Тут, казалось бы, и делу конец! Но Хрущев все же просчитался. То, что он сам так спекулятивно начал на XX съезде партии в своем докладе о культе личности, ему затоптать не удалось. Он, конечно, войдет в историю именно в связи с этим докладом. И не менее прочно задержится он на скрижалях истории потому, что при нем жили и творили Пастернак и Солженицын. Первого он, можно сказать, затравил, а второму, как это ни странно, открыл дорогу. Им при этом руководили, думается, два его определяющих качества: врожденная взбалмошность и хитрый мужицкий расчет. В Пастернаке он справедливо увидел (из-за «Доктора Живаго») ниспровергателя основ советского строя, потому и затоптал его. А вот с Солженицыным просчитался. Увидел поначалу в нем даже своего союзника, помощника. Прогремевшая в 1962 году у нас и на весь мир повесть «Один день Ивана Денисовича» была разрешена у нас к публикации только с личного указания Хрущева, который увидел в ней как бы иллюстрацию к своему докладу на XX съезде партии. Тогда он еще нуждался в такого рода неожиданной поддержке со стороны, поскольку у сохранившихся вокруг него во множестве партийных сталинистов росло желание разделаться со своим слишком, с их точки зрения, ретивым лидером. Конечно же, ознакомившись с произведением Солженицына об одном дне в одном конкретном лагере, причем герой писателя, несмотря ни на что, фигура жизнеутверждающая, Хрущев никак не ожидал, что автор «Одного дня Ивана Денисовича» вобьет осиновый кол в могилу большевистского режима. Уж «Архипелаг ГУЛАГ» он в печать не пропустил бы…

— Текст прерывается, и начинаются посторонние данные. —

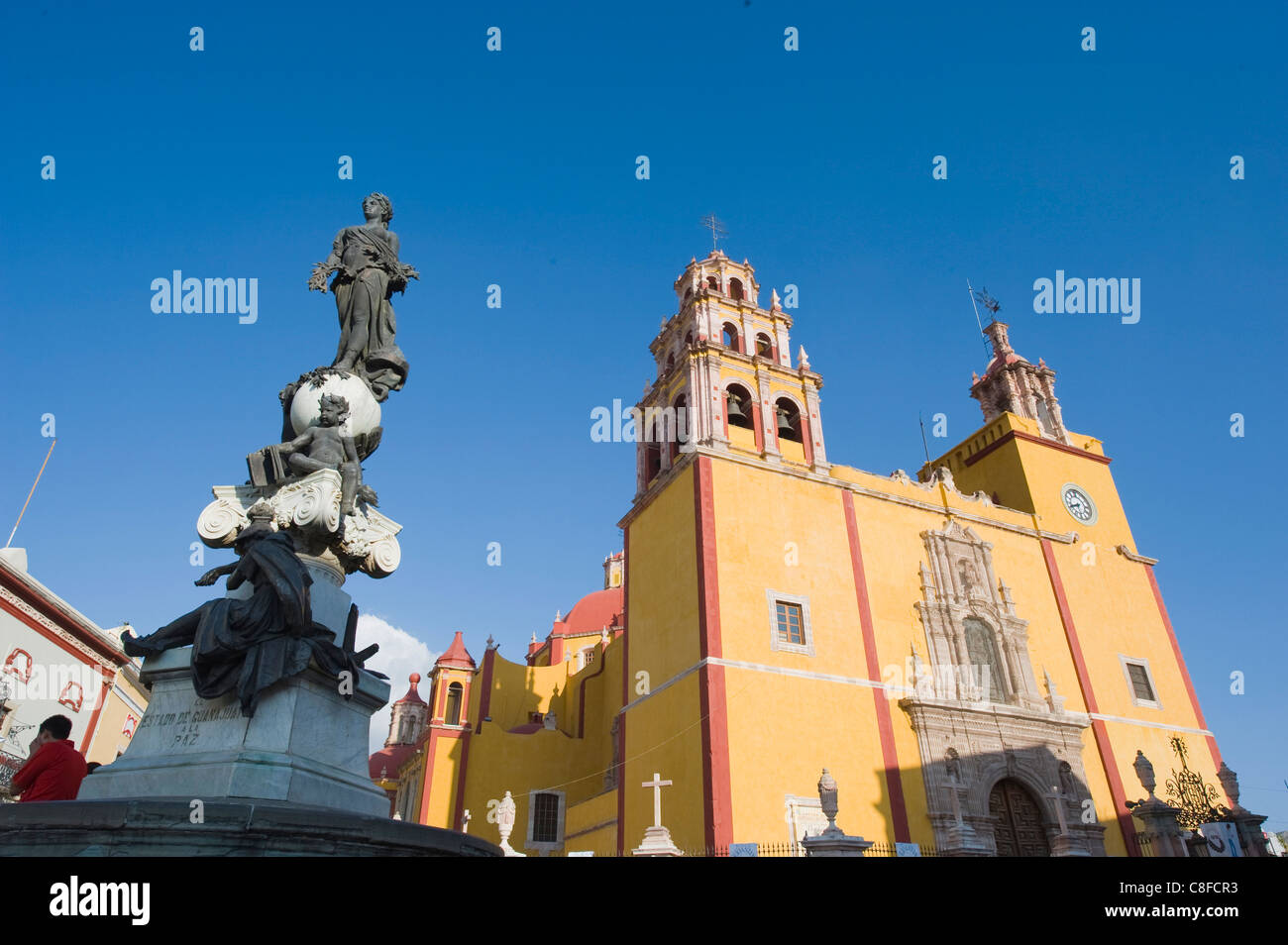 Basilica de Nuestra Senora de Guanajuato, Guanajuato, UNESCO-Weltkulturerbe, Bundesstaat Guanajuato, Mexiko Stockfoto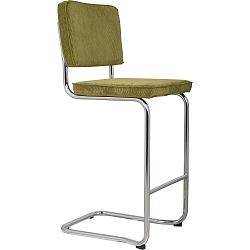 Zelená barová židle Zuiver Ridge Kink Rib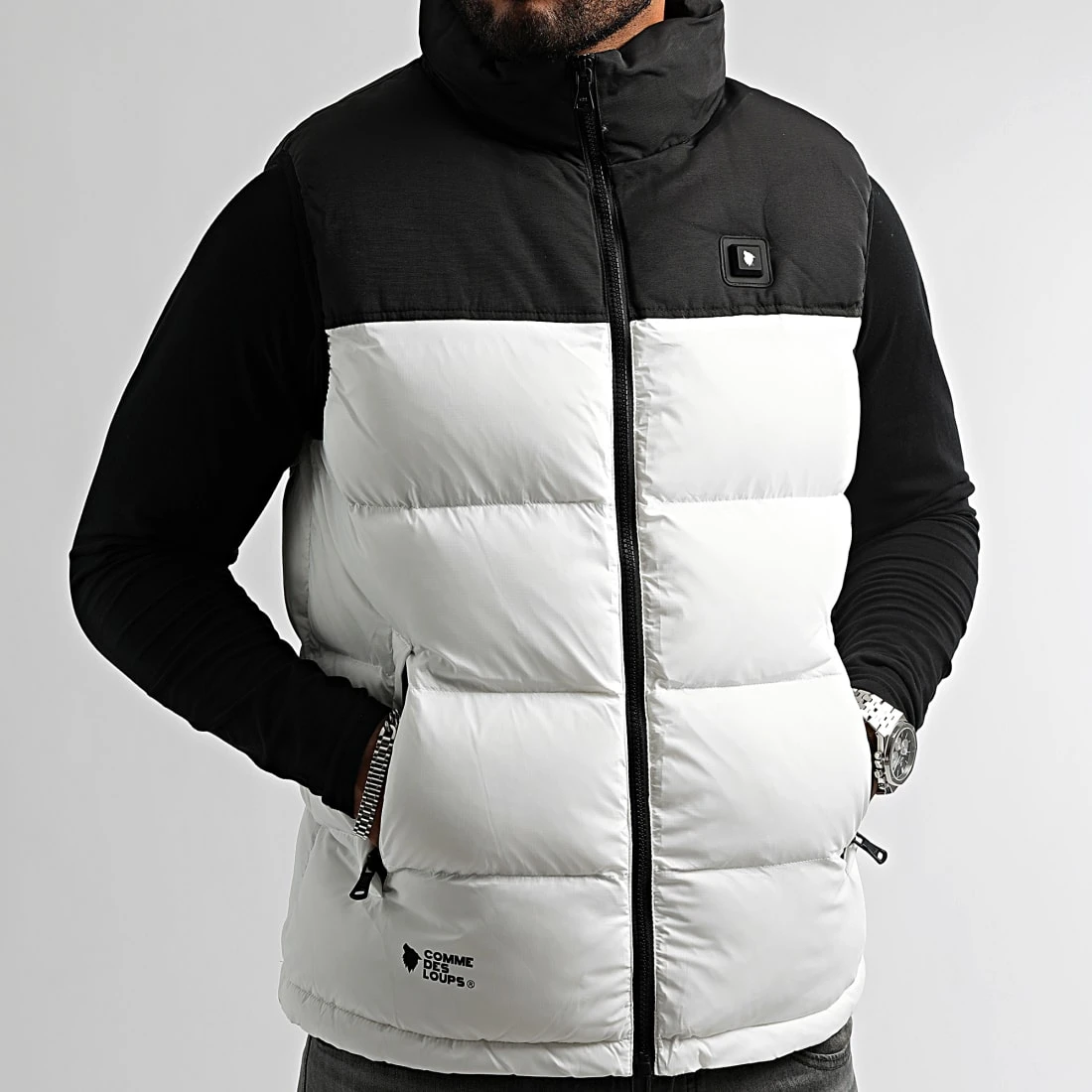 Vente flash ✔️ Doudoune Sans Manches Lisbonne Blanc Noir de Comme Des Loups ✔️ 5 Vente flash ✔️ Doudoune Sans Manches Lisbonne Blanc Noir de Comme Des Loups ✔️ – Image 3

Под напором «Архипелага» пошатнулись главные опоры советского строя: ложь, террор и страх. Хрущева тогда уже сменил Брежнев, и все усилия его режима были направлены на то, чтобы хоть как-то удержать в руках власть. Если при Хрущеве родился термин «оттепель», то время, наступившее после него, назвали застоем, растянувшимся на 18 долгих лет.

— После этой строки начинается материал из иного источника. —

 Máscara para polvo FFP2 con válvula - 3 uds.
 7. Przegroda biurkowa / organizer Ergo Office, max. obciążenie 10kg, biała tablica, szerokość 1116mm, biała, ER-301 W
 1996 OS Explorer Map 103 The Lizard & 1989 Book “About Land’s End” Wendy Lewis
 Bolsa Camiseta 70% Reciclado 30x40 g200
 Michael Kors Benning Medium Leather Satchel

И лжи стало еще больше, чем при Хрущеве.
При Брежневе страна медленно, но верно возвращалась к привычному тоталитаризму, административно-командной системе сталинского образца. Этот процесс, естественно, не мог не сопровождаться подавлением личности и инициативы во всех сферах жизни и вызвал новый прилив политической демагогии и словоблудия. Все это, в свою очередь, порождало пессимизм и неверие в обществе, дальнейшее падение нравов, выливавшееся прежде всего в коррупцию и повсеместное воровство. «Спеши жить! После нас хоть потоп!» – этот лозунг можно смело начертать на скрижалях той эпохи.
Насквозь прогнившую систему доконала наша агрессия в Афганистане, растянувшаяся на десять лет. Доведенная большевиками до ручки страна этого испытания не выдержала и вскоре после бесславного завершения той войны развалилась. А сталинизм, главный вредоносный вирус, пережил и эту трагедию, по-прежнему продолжая паразитировать в одряхлевшем организме огромного государства. Как известно, основным губительным качеством этого вируса является борьба за власть во что бы то ни стало, несмотря ни на что; без этой борьбы, вне ее, он существовать не может. Если бы не это хроническое заболевание советской системы, даже в тех условиях можно было бы сохранить Россию примерно в тех очертаниях, в каких она традиционно и существовала (наверное, только без Прибалтики).